:: WHAT IS EXPECTED ::
Without the pictures, print the lines running from the beginning of the material to the line containing "Монета Монако 2 евро 2015 год - Альбер II", both ends included.

═══ AVAILABLE DATA

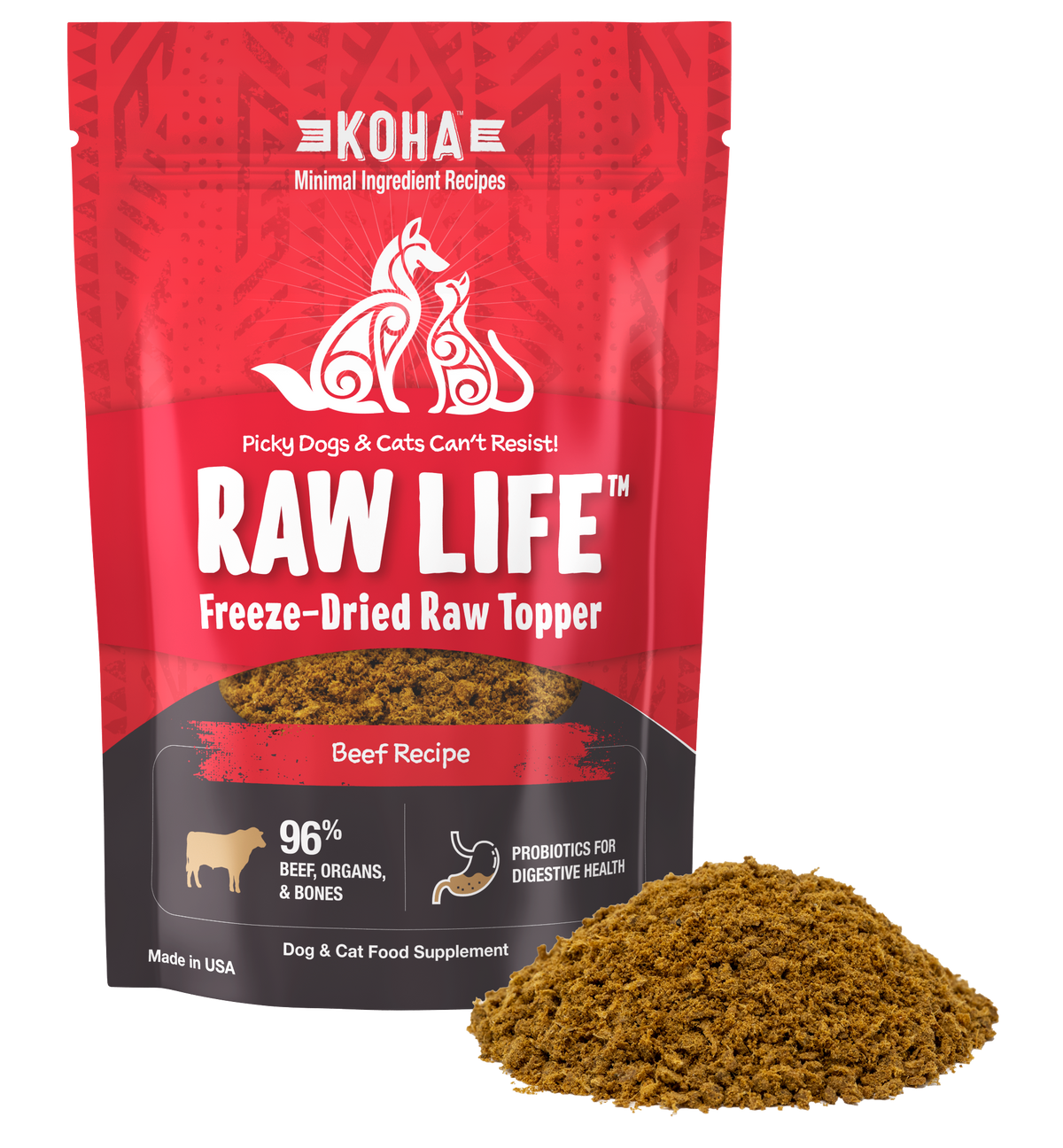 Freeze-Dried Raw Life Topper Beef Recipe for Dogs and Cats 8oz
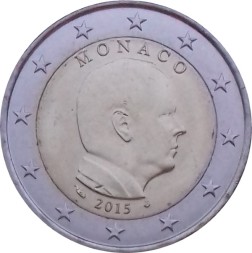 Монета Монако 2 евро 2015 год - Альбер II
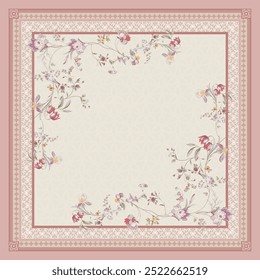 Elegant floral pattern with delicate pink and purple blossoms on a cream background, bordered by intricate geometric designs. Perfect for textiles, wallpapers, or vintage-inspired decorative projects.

══════

:: WORKED SOLUTION ::
 Freeze-Dried Raw Life Topper Beef Recipe for Dogs and Cats 8oz
 Монета Монако 2 евро 2015 год - Альбер II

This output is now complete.